- _Requirement_
Exactly as they appear, print the line with "Gasprijs schiet opnieuw" and each line after it through the end of the entries below; leave out pictures.

- _Data for the task_
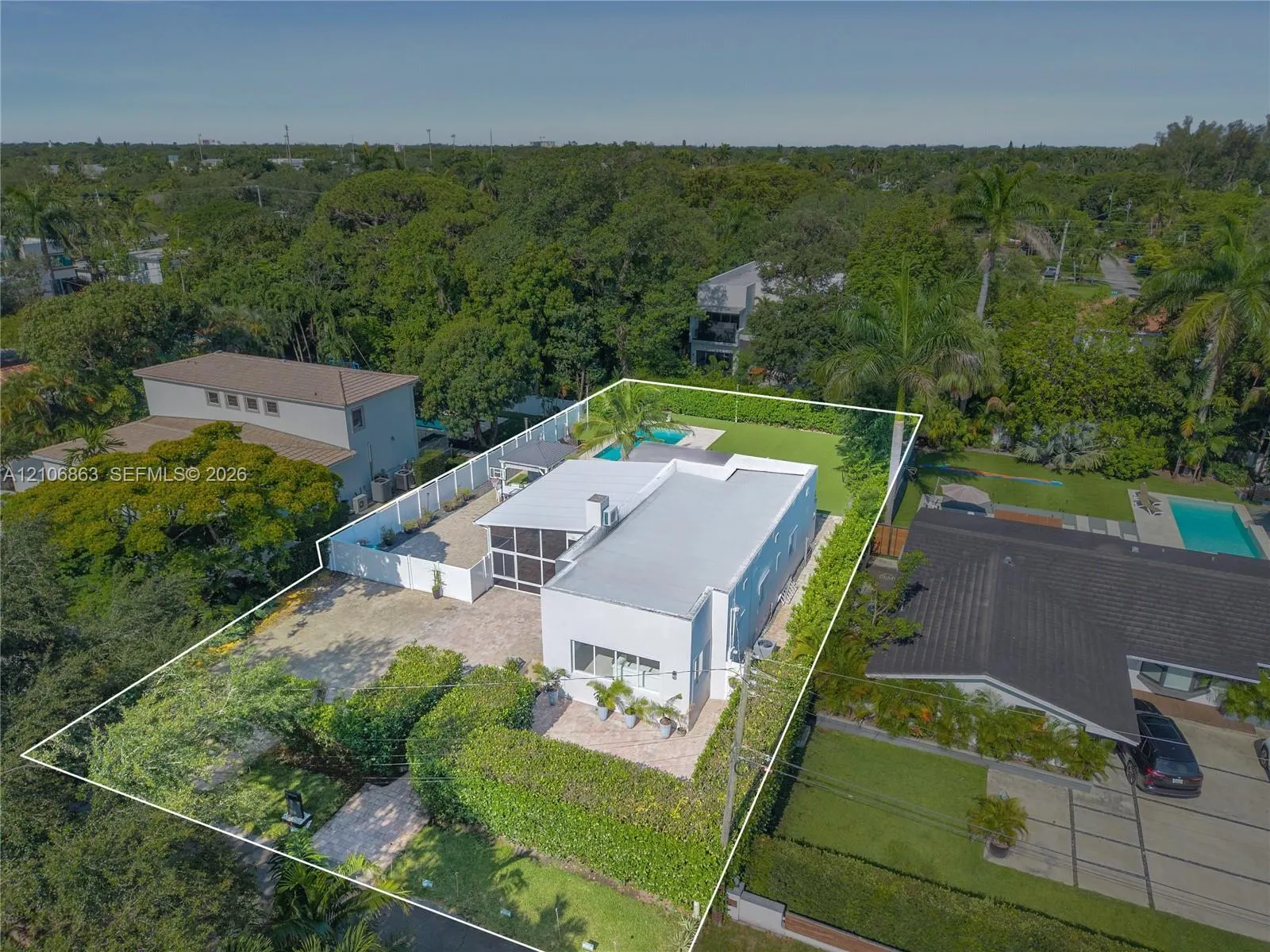 11144 NE 8th Court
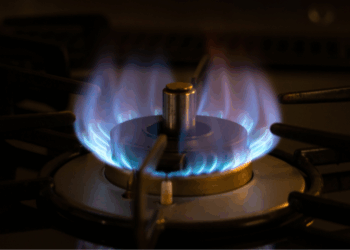 Gasprijs schiet opnieuw omhoog door spanningen in Midden-Oosten: dit kan het voor Nederlanders betekenen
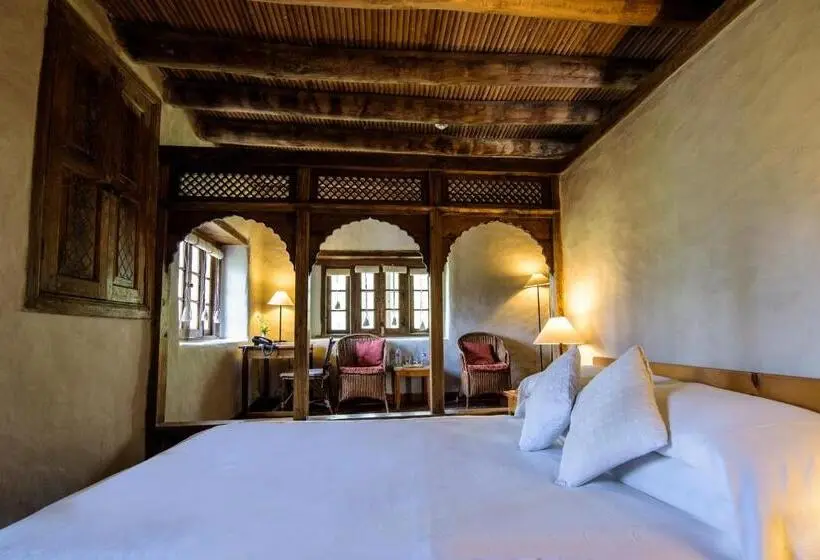 سوییت, Serena Shigar Fort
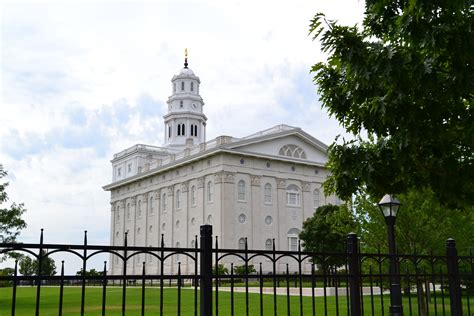 Nauvoo Illinois Temple Photograph Gallery | ChurchofJesusChristTemples.org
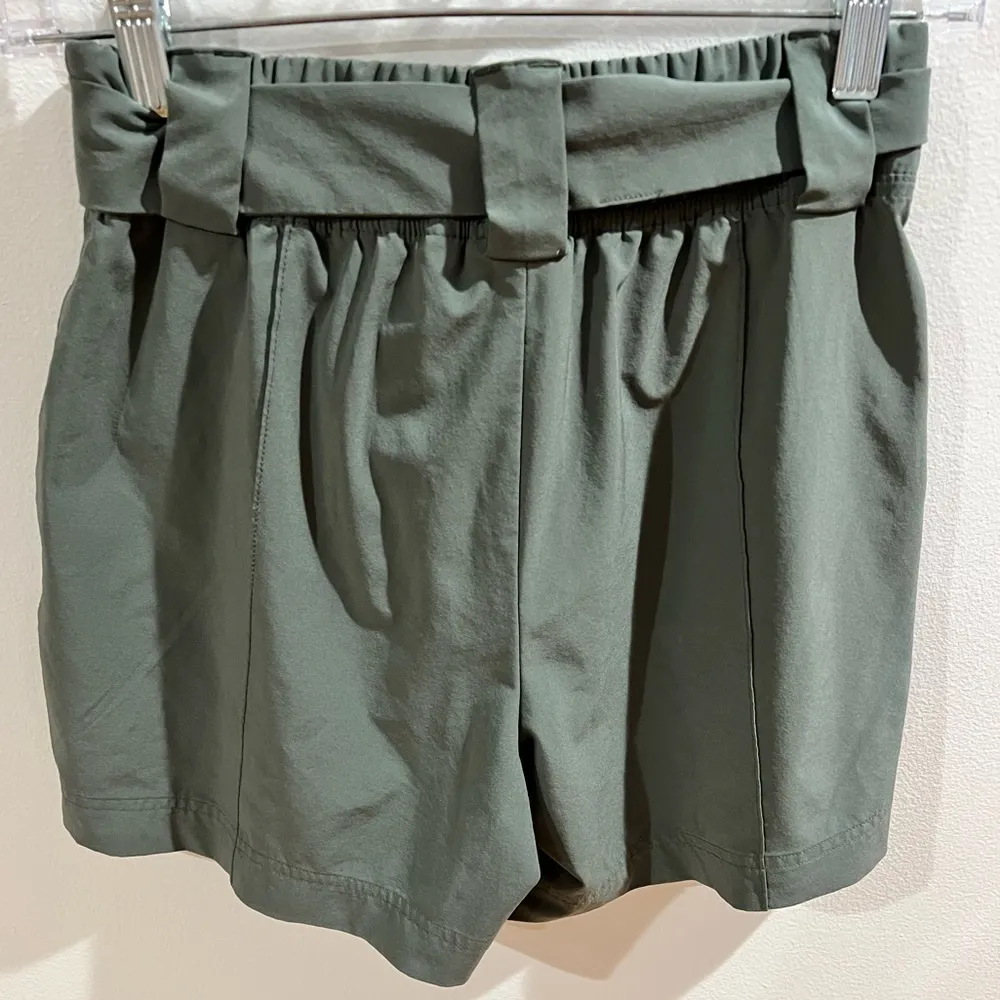 Athleta TIE WAIST SHORTS! - Image 4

- _Answer space_
 Gasprijs schiet opnieuw omhoog door spanningen in Midden-Oosten: dit kan het voor Nederlanders betekenen
 سوییت, Serena Shigar Fort
 Nauvoo Illinois Temple Photograph Gallery | ChurchofJesusChristTemples.org
 Athleta TIE WAIST SHORTS! - Image 4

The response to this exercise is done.